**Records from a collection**

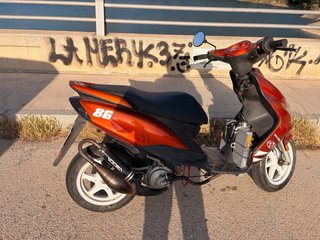Yamaha Jog RR con documentación al dia cambiaria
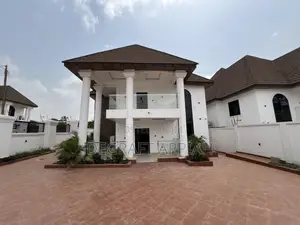 5bdrm House in Santasi Brofoyedru, Kumasi Metropolitan for sale
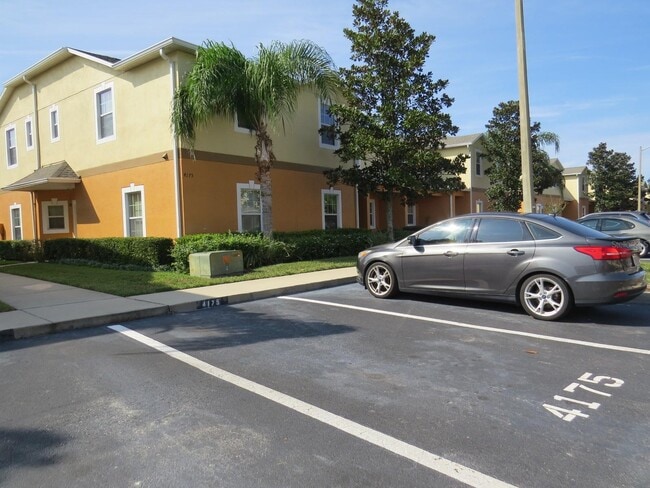 Building Photo - 4175 Shade Tree Ln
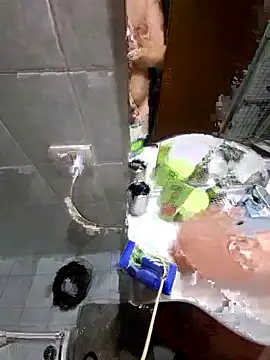 Snapshot of giova17cm chatting on October 26, 8:48 pm giova17cm online show from October 26, 8:48 pm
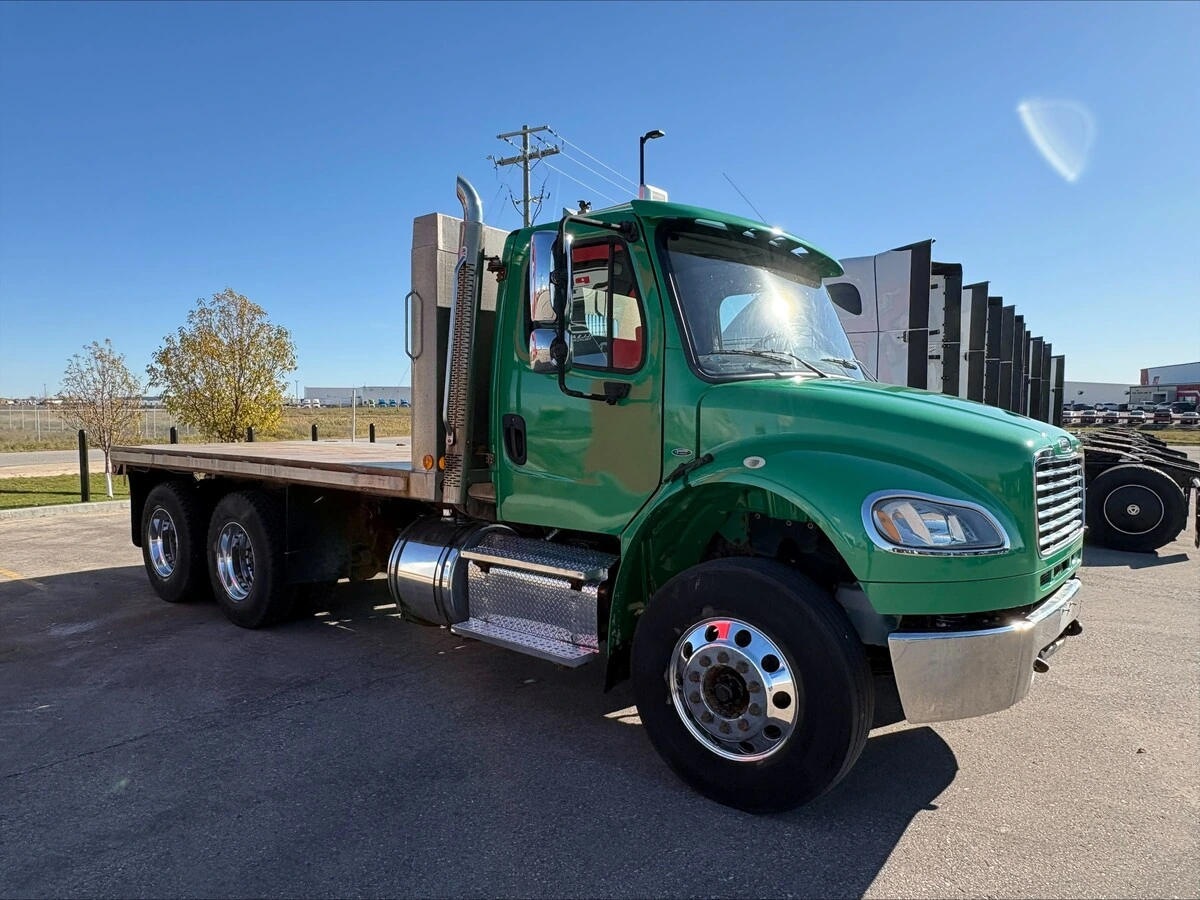 2019 Freightliner M2 106 — photo 3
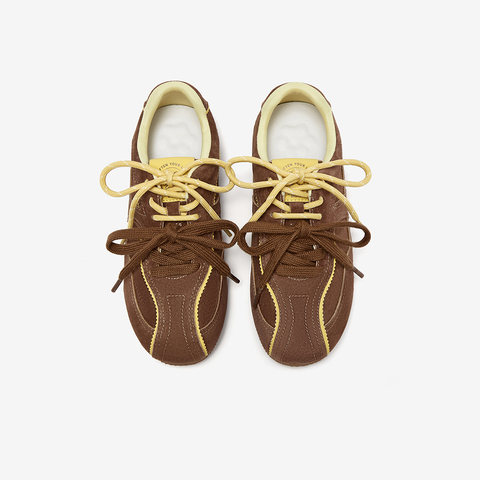 百思图2025秋季新德训鞋时尚复古户外运动平跟女休闲鞋D3250CM5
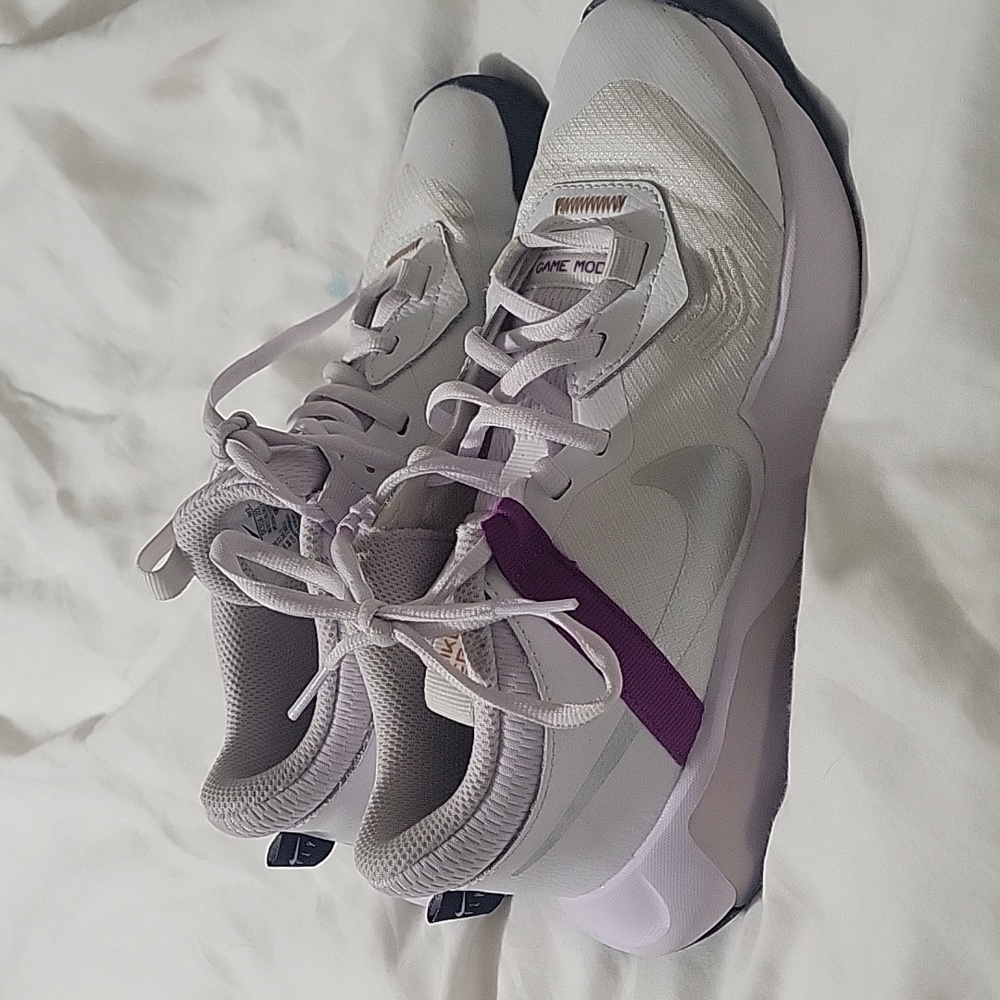 Nike Girls size 4 basketball shoes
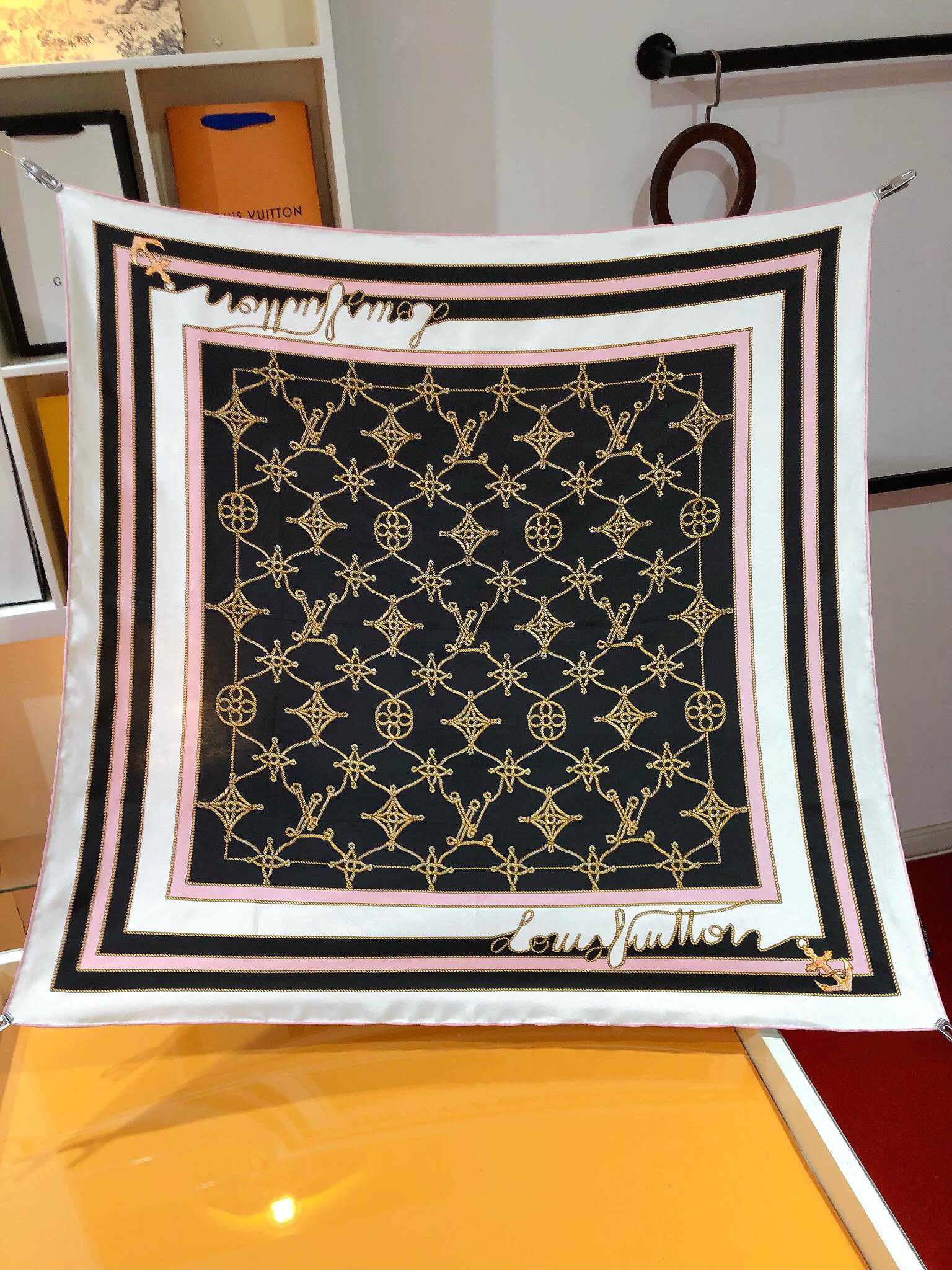 TOP Louis Vuitton LV Square Silk Scarf 90×90 cm-2 Colors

**BRIEF**
Repeat exactly the lines above, from the line containing "Nike Girls size 4 basketball shoes" through the last line of the records, inclusive; omit any pictures.

**WRITTEN ANSWER**
 Nike Girls size 4 basketball shoes
 TOP Louis Vuitton LV Square Silk Scarf 90×90 cm-2 Colors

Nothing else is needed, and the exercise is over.